Laporan wartawan Tribunnews.com, Ibriza Fasti Ifhami
TRIBUNNEWS.COM, JAKARTA - Undang-Undang (UU) Nomor 7 Tahun 2017 tentang Pemilihan Umum (Pemilu) jadi paling banyak digugat ke Mahkamah Konstitusi (MK), yakni sebanyak 129 kali.
Hal tersebut dikutip dari situs resmi MK, pada Rabu (22/11/2023).
Adapun di peringkat dua, Undang-undang Nomor 8 Tahun 1981 tentang Kitab Undang-undang Hukum Acara Pidana (KUHP) telah digugat sebanyak 80 kali.
Di peringkat ketiga, ada Undang-undang Nomor 10 Tahun 2016 tentang Perubahan Atas Undang-Undang Nomor 1 Tahun 2015 tentang Penetapan Peraturan Pemerintah Pengganti Undang-undang Nomor 1 Tahun 2014 tentang Pemilihan Gubernur, Bupati, dan Walikota menjadi Undang-undang, yang telah diuji sebanyak 45 kali.

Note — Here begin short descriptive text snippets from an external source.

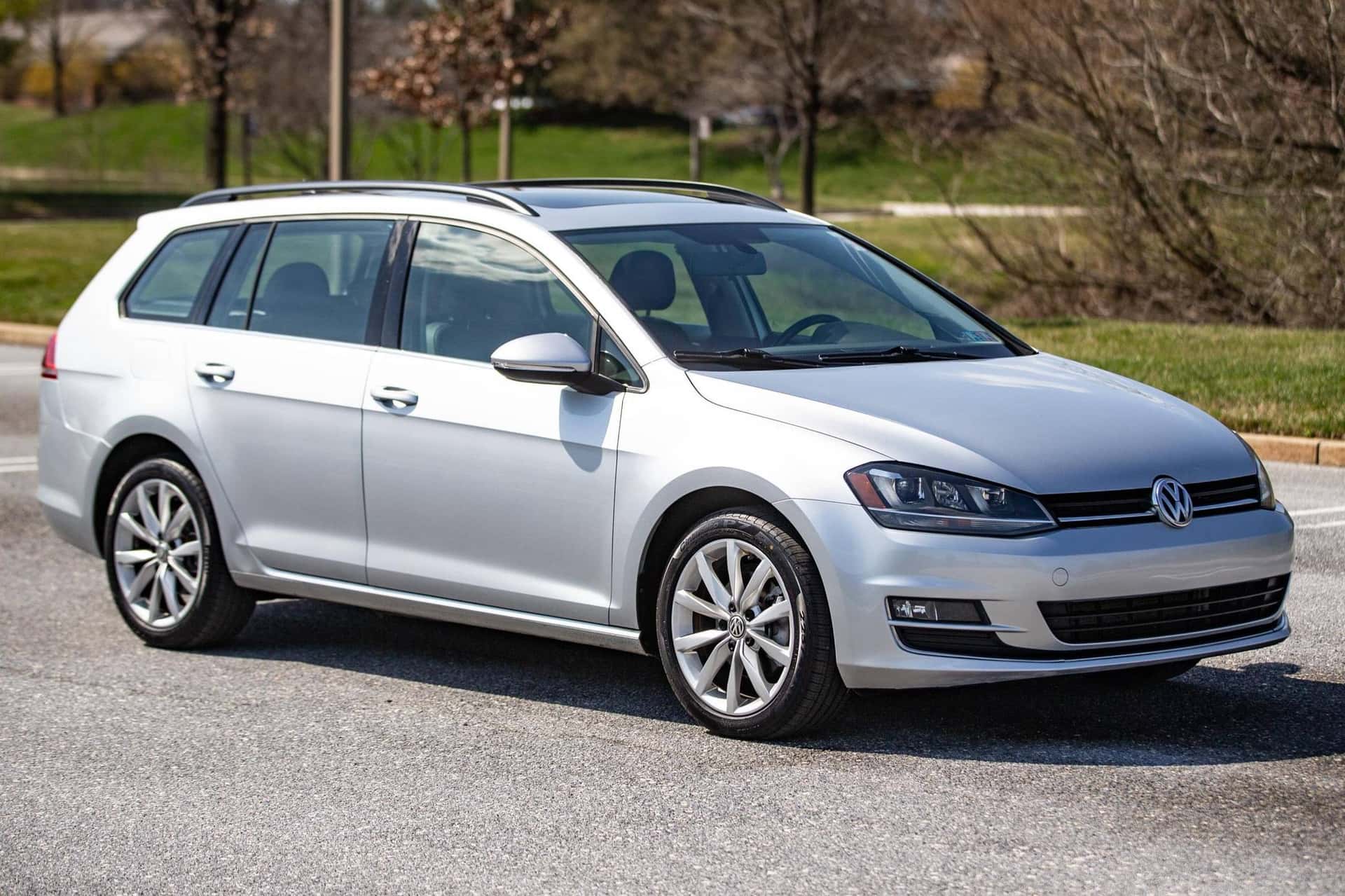 2016 Volkswagen Golf sold for $13,050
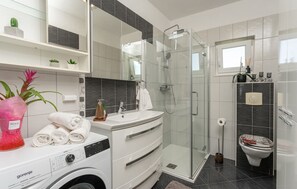 Dusche, Whirlpool, Haartrockner, Handtücher
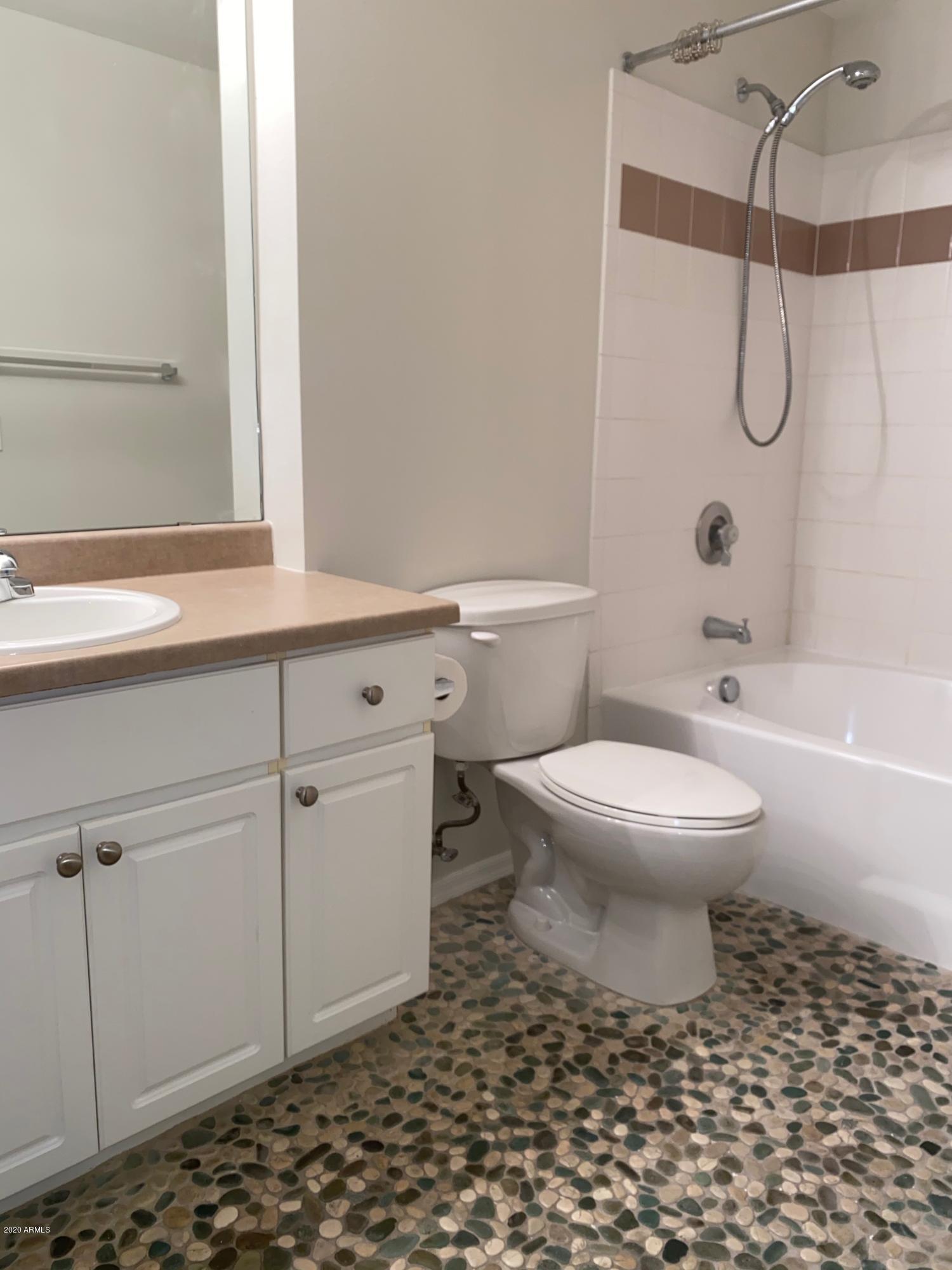 1701 East Colter Street, Unit 263 Phoenix, AZ 85016 - Photo 12 of 18 Master Bath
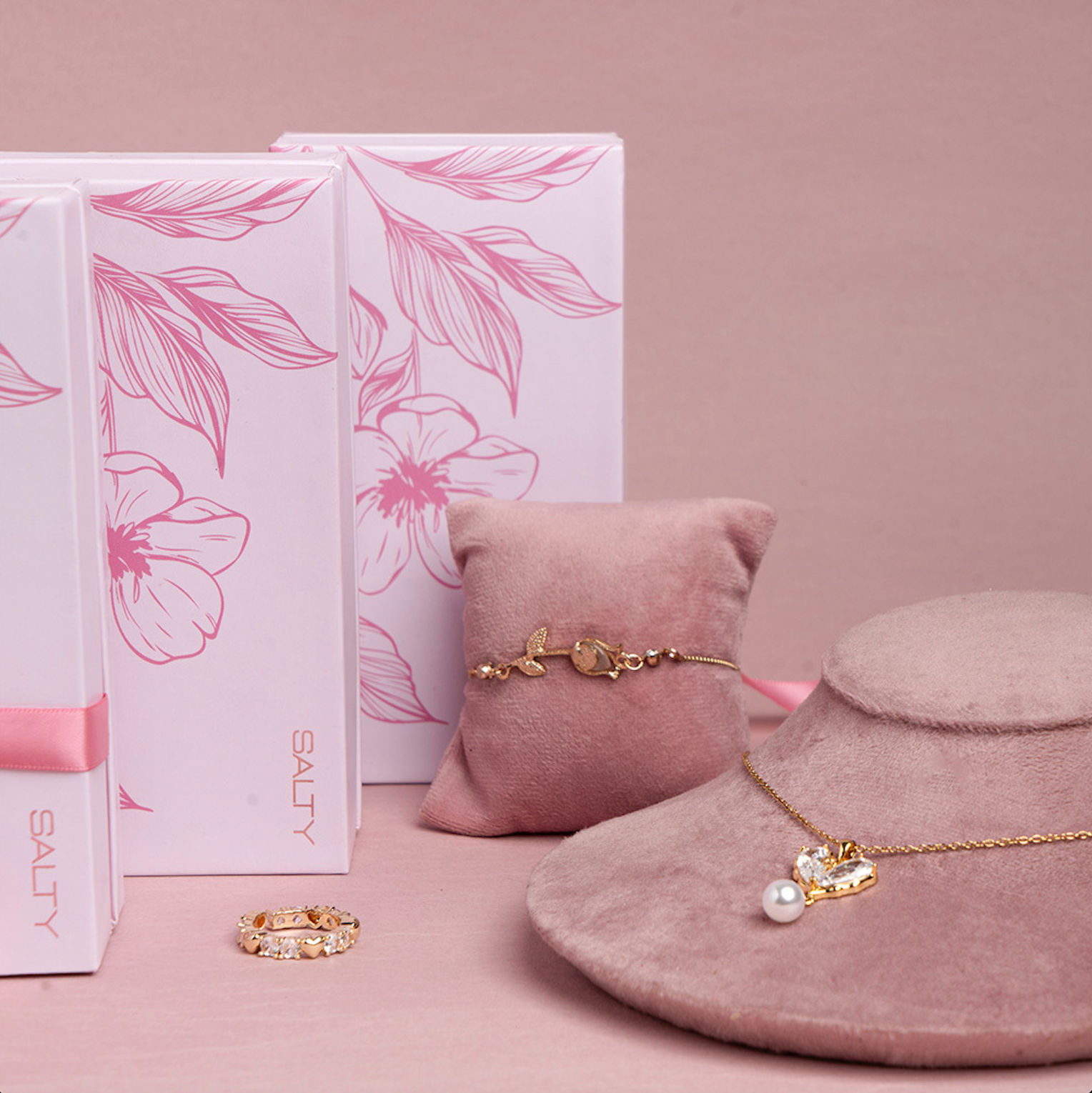 Salty Valentine's special Daydream bow box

Ketua Majelis Kehormatan Mahkamah Konstitusi (MKMK) Jimly Asshiddiqie mengatakan, MK merupakan ujung dari semua masalah pemilu, pilpres, pilkada.
Oleh karena itu, menurutnya, kepercayaan publik terhadap MK juga harus dipulihkan. Hal itu imbas dari kontroversi Putusan MK 90/PUU-XXI/2023 tentang batas minimal usia capres-cawapres, di era kepemimpinan hakim konstitusi Anwar Usman.
"Ya makanya ujung dari semua masalah pemilu, pilpres, pilkada, sama aja itu, ujungnya kan nanti di MK. Makanya kita harus menjaga tingkat kepercayaan publik kepada MK. Ini harus dipulihkan," ucap Jimly, saat ditemui di Perpustakaan Nasional, Jakarta Pusat, pada Rabu (22/11/2023).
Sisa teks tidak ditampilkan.